* **EXERCISE**: Once the pictures are set aside, copy the data below exactly as it stands.

* **GIVEN INFORMATION**:
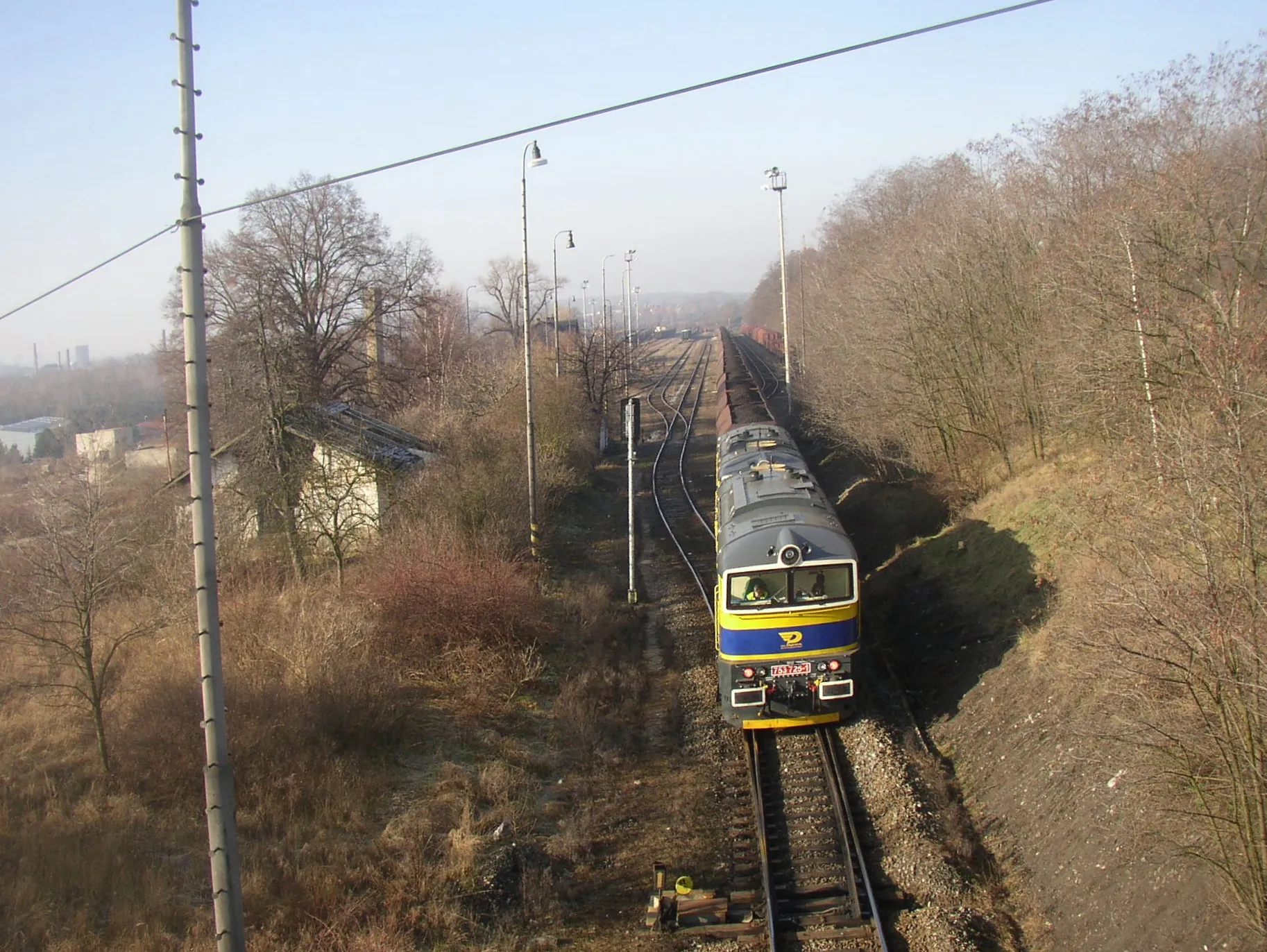 Photo showing: Scheduled freight train with coal from Ledvice for Kladno power plant just has entered Kladno-Dubí railway station on line 093 Kralupy nad Vltavou - Kladno. Coupled Class 753 locomotives in livery of OKD, Doprava company are pushing the tran.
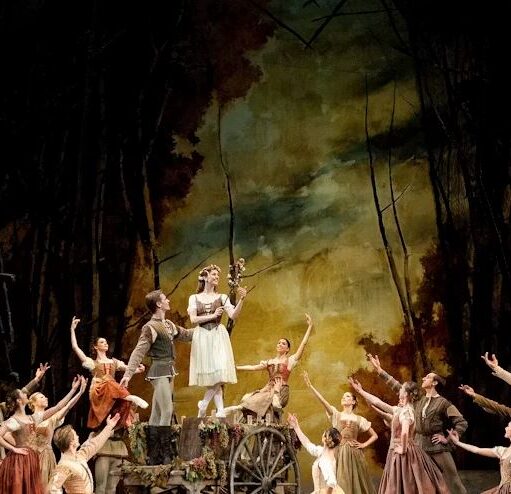 A large group of ballet dancers in rustic costumes surround a woman standing on a wooden cart holding a small bouquet of flowers, against a dark painted backdrop resembling a forest.
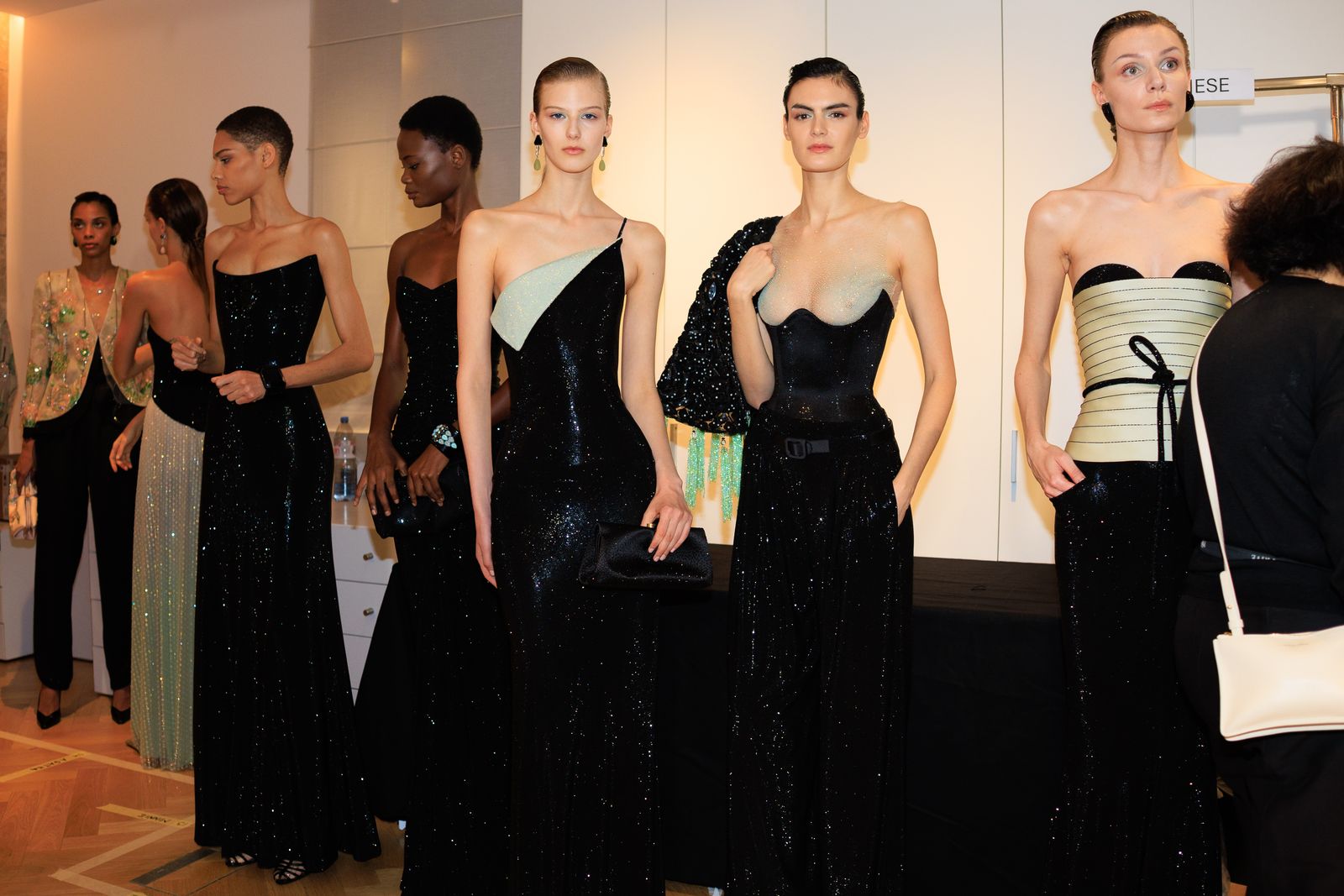 Image may contain Elyse Sewell Muriel HurtisHouairi Clothing Dress Evening Dress Formal Wear Adult and Person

* **EXPECTED OUTPUT**:
 Photo showing: Scheduled freight train with coal from Ledvice for Kladno power plant just has entered Kladno-Dubí railway station on line 093 Kralupy nad Vltavou - Kladno. Coupled Class 753 locomotives in livery of OKD, Doprava company are pushing the tran.
 A large group of ballet dancers in rustic costumes surround a woman standing on a wooden cart holding a small bouquet of flowers, against a dark painted backdrop resembling a forest.
 Image may contain Elyse Sewell Muriel HurtisHouairi Clothing Dress Evening Dress Formal Wear Adult and Person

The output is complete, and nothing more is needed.